Vor einigen Jahren hat sich der Bariton Thomas Quasthoff zu der Aussage hinreißen lassen, dass die Zeit des Liedgesangs wohl dem Ende zugehe. Mittlerweile hat er eingestanden, dass er sich mit dieser Prognose geirrt habe. Auch der CD-Markt zeigt es: Der Liedgesang ist ‚in‘. Viele junge Sängerinnen und vor allem Sänger haben in den letzten Jahren eine oder mehrere Aufnahmen herausgebracht, in denen sie sich dem klassischen Liederrepertoire widmen.
So auch André Schuen. Mit Anfang 30 hat der sympathische, naturverbundende Bariton aus Südtirol bereits eine beachtliche Karriere hingelegt. Beachtlich auch deswegen, weil sie sehr gut überlegt zu sein scheint. Schuen geht sorgfältig mit seiner schönen und ausdrucksstarken Stimme um, stürzt sich nicht in alle Angebote, sondern wählt aus. Nach vielen kleineren Rollen u. a. bei den Salzburger Festspielen und nach vier Jahren an der Oper Graz sind es vor allem Mozartpartien, mit denen er einen größeren Sprung gewagt hat: Die Titelpartie in 'Don Giovanni' und 'Die Hochzeit des Figaro' gehört ebenso wie Guglielmo aus 'Così fan tutte' zu Rollen, die er erfolgreich auf die Bühne brachte.
Klarheit und Natürlichkeit
Schuen hat einen klaren, natürlichen und ungekünstelten, sehr lyrischen, dabei aber eher tiefen und vom Timbre her ganz natürlich dunklen Bariton. Mit diesem interpretiert er auf der vorliegenden Aufnahme Lieder von Franz Schubert rund um den Begriff des Wanderns. Drei Themenfelder beschreiben Schuen und sein Begleiter Daniel Heide im Booklet, das leider auf einen Abdruck der Liedtexte verzichtet (die man aber auf der Webseite https://avi-music.de/html/lyrics/8553373.html lesen kann): das ‚romantische‘ Wandern (wie im Lied 'Der Wanderer' D 649 nach einem Gedicht von Friedrich von Schlegel), der Weg zur Geliebten (wie in 'Willkommen und Abschied') und die Reise ins Jenseits (wie in 'Totengräbers Heimweh'). Fünfzehn Lieder haben Schuen und Heide so gemeinsam eingespielt, und was sie sofort für sich einnehmen lässt, ist die große Natürlichkeit und Klarheit, mit der sie die Lieder interpretieren.

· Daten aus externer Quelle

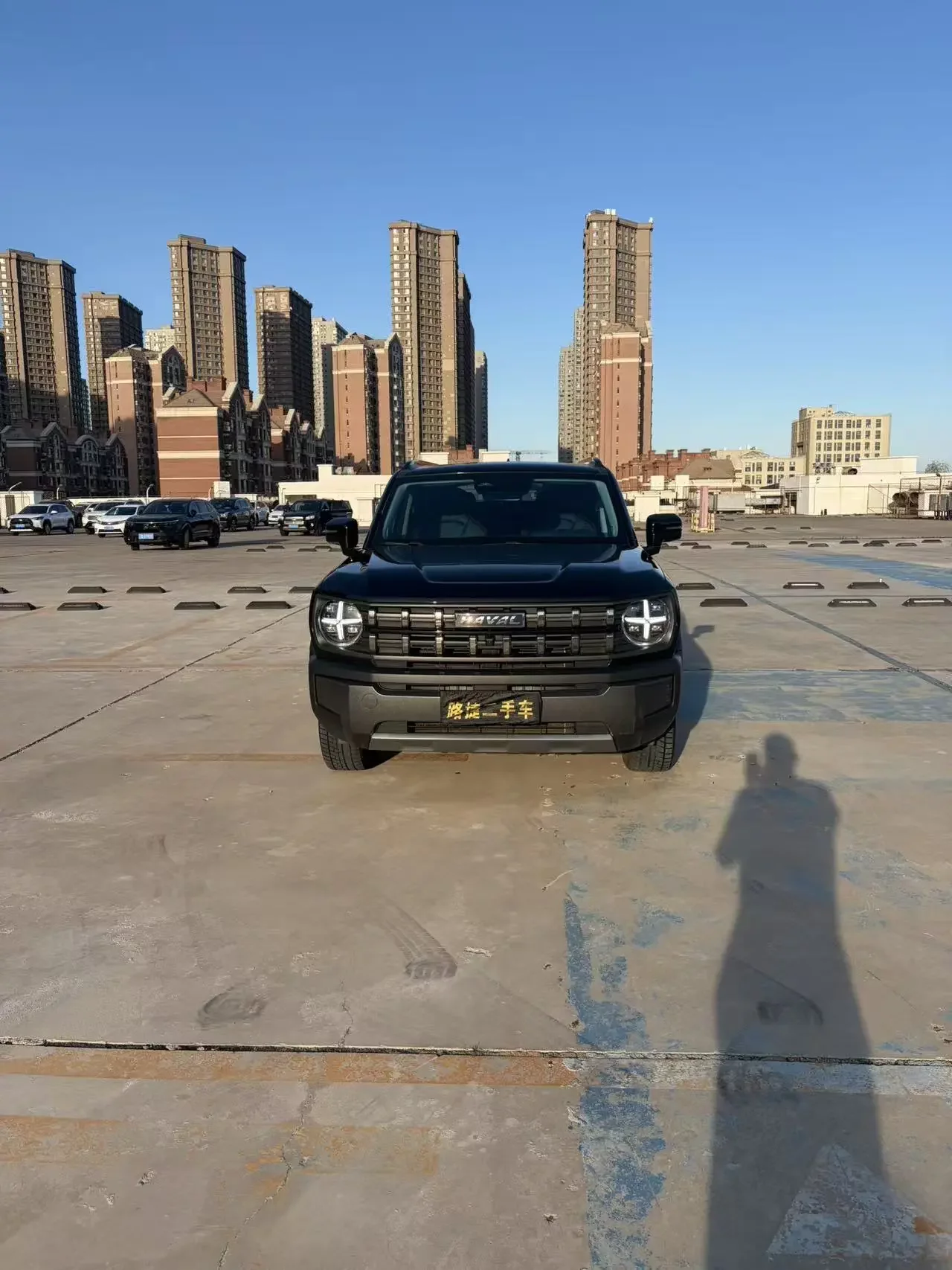 Haval cool dog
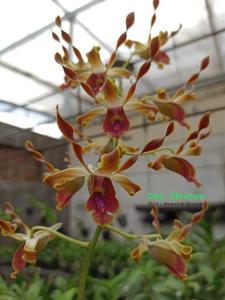 Dendrobium Shincee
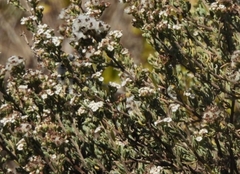 Eriocephalus africanus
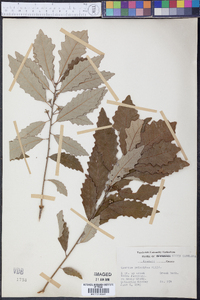 Quercus prinoides image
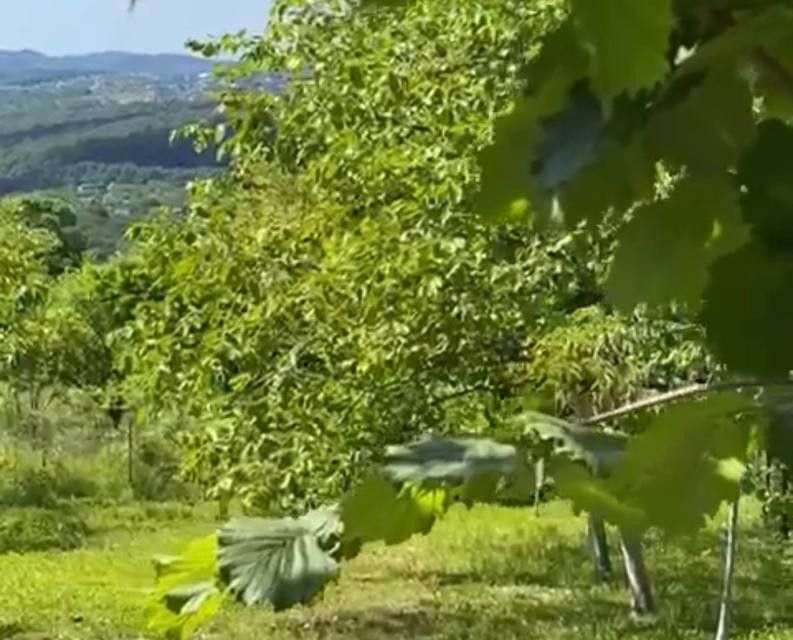 земля г Сочи с Галицыно ул Раевская городской округ Сочи фото 3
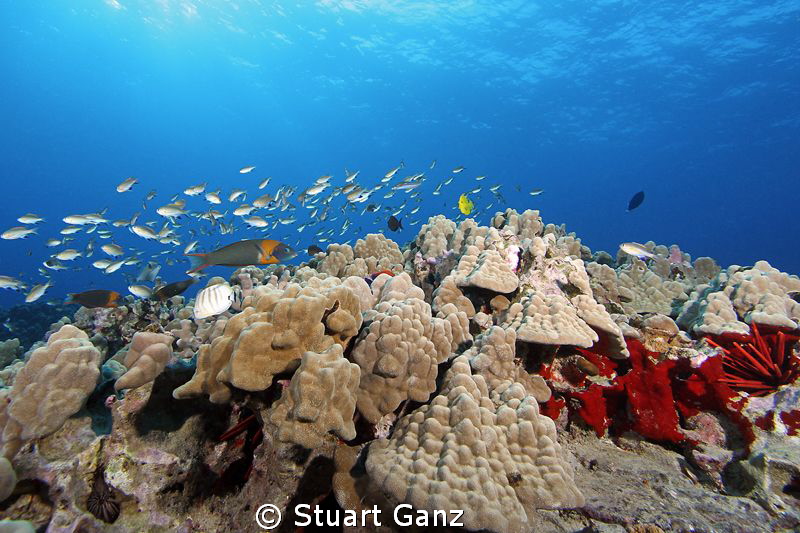 Hawaiian Reefscape by Stuart Ganz 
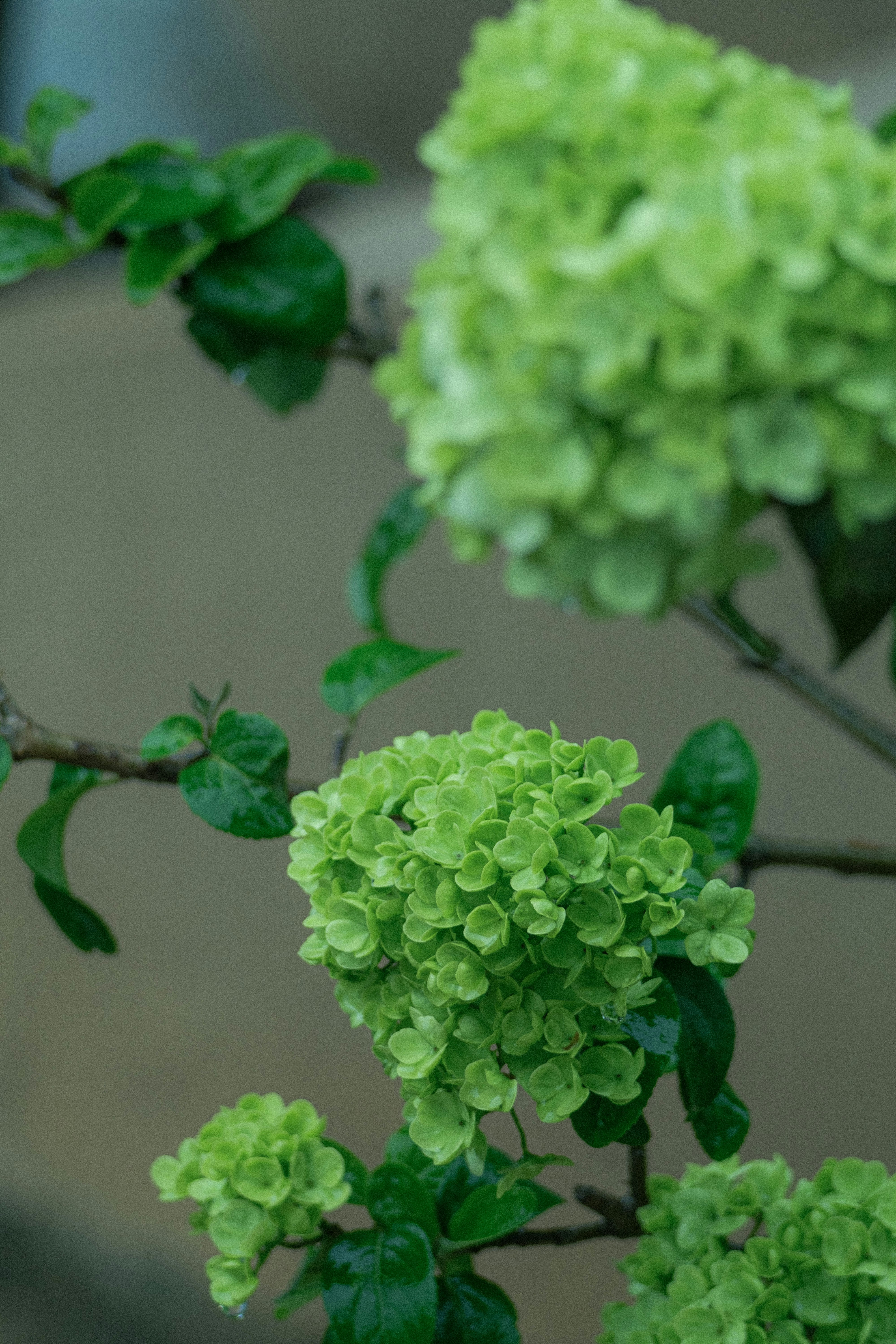 Photo by xiexianghua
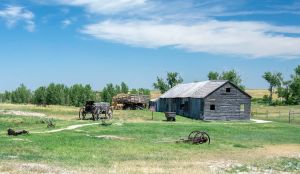 The Prairie Homestead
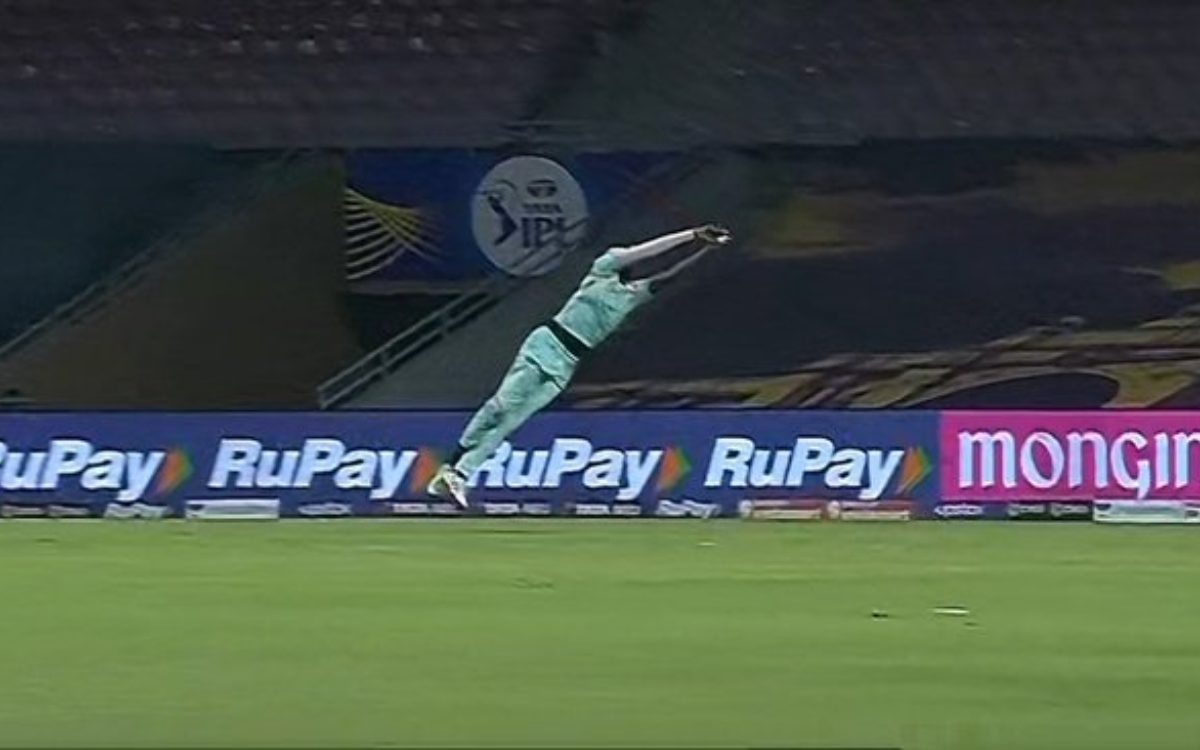 Cricket Image for VIDEO : हवा में उड़े 6'7 लंबे होल्डर, पकड़ लिया मैक्सवेल का करिश्माई कैच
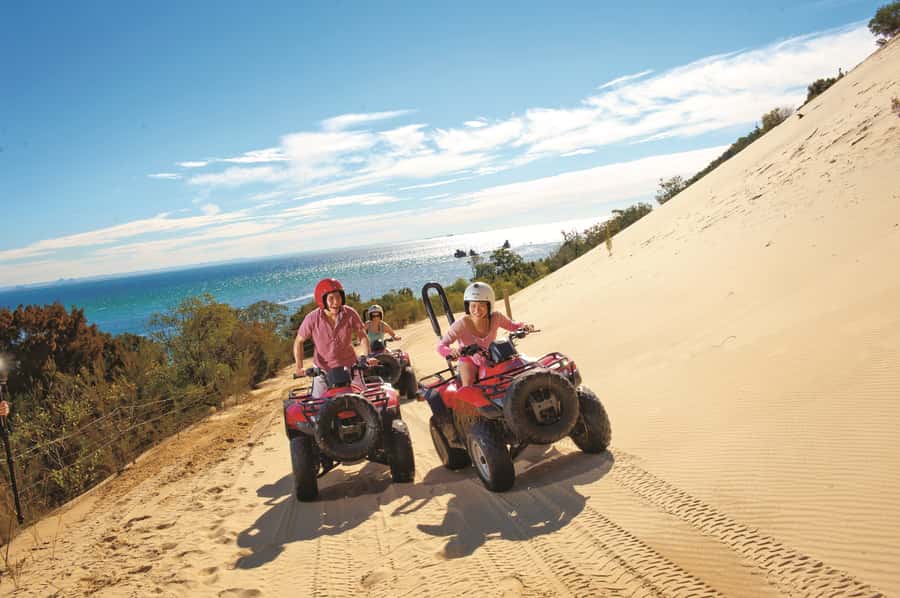 Moreton Island: Tangalooma ATV Quad Bike and Dolphin Viewing - Key points to know before booking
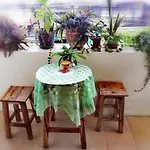 Dd Smile House, Nong Hoi
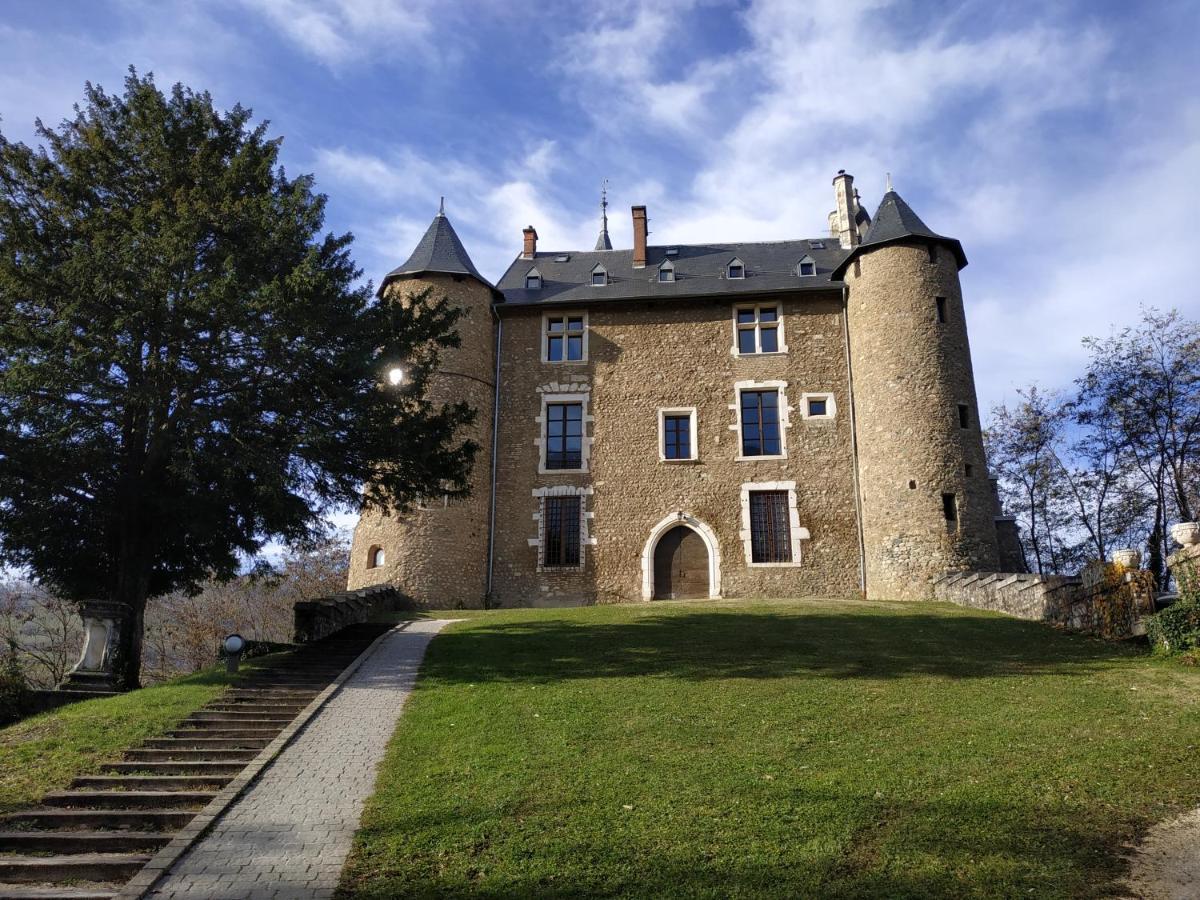 Appartement Chateau Uriage-Chamrousse Saint-Martin-d'Uriage Luaran gambar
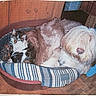 Nubuck participe au concours pour gagner de l'argent avec cette photo : dog, cats, pet_bed, cuddling, fluffy, white_dog, tabby_cat, black_and_white_cat, sleeping, resting, animals, pets, indoor, cozy, striped_bed, furry, companion_animals, home, relaxed, cuddle_pile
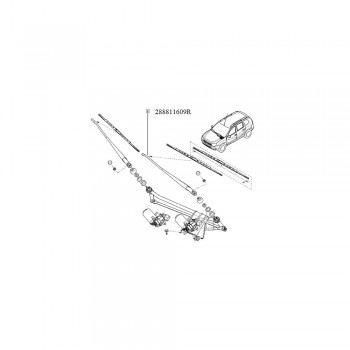 Brat Stergator Stg. Fata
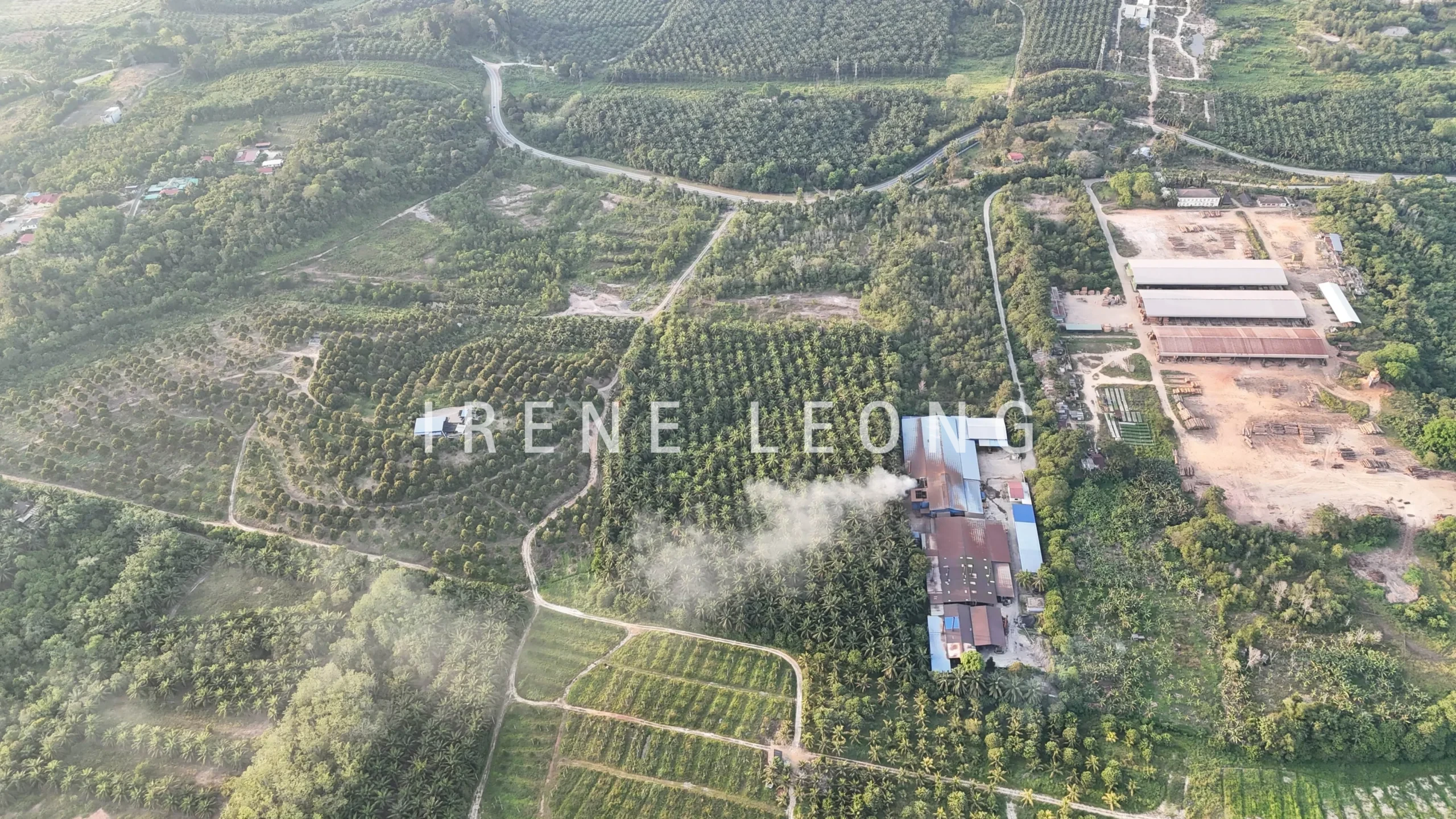 DJI_20260325184706_0709_D-crushimage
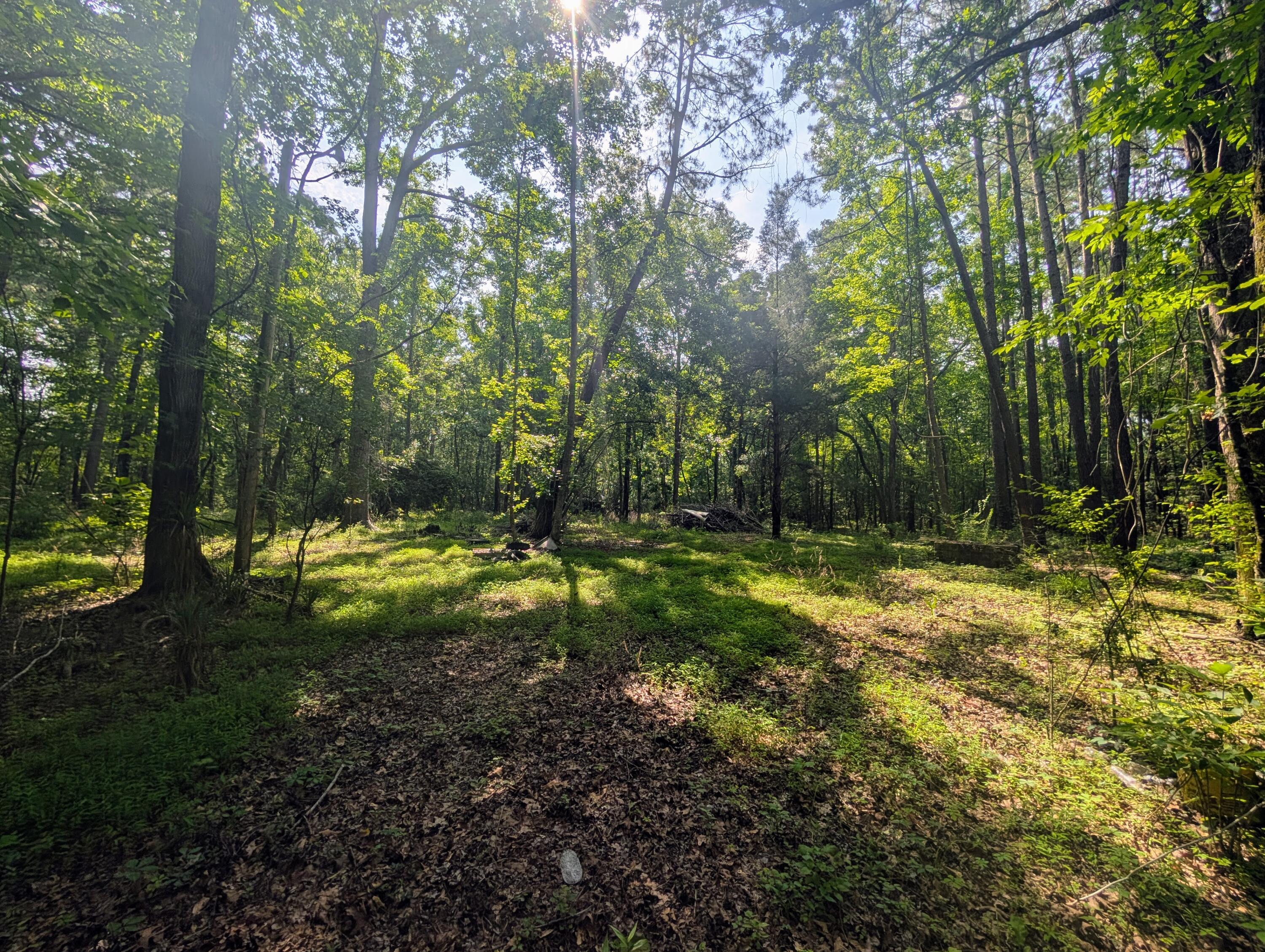 0 Thicket Lane St. Stephen, SC 29479 - Photo 6 of 14 PXL_20250529_141509061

Im Vordergrund steht bei Schuen eigentlich das Gedicht, nur wird es eben nicht vorgetragen, sondern vorgesungen. Es verwundert insofern auch nicht, dass Schuen sich im Booklet vehement gegen die Auffassung richtet, Schubert habe leider nur zweit- oder drittklassige Lyrik vertont. Der Text steht im Mittelpunkt, die Melodie und Deutung richtet sich nach der Aussage des Gedichtes. Heides Begleitung unterstützt diese Deutung, indem er sehr lautmalerisch und bildhaft die Gesänge unterstützt. Beide spüren den Nuancen des Textes und der Melodie nach – und herausgekommen ist eine wunderbare Einheit von Gedicht, Gesang und Begleitung. Alles ist sehr ausdrucksstark, aber nie übertrieben expressiv oder gar ironisch-distanziert. Eine wirklich große Bereicherung in jeder CD-Sammlung.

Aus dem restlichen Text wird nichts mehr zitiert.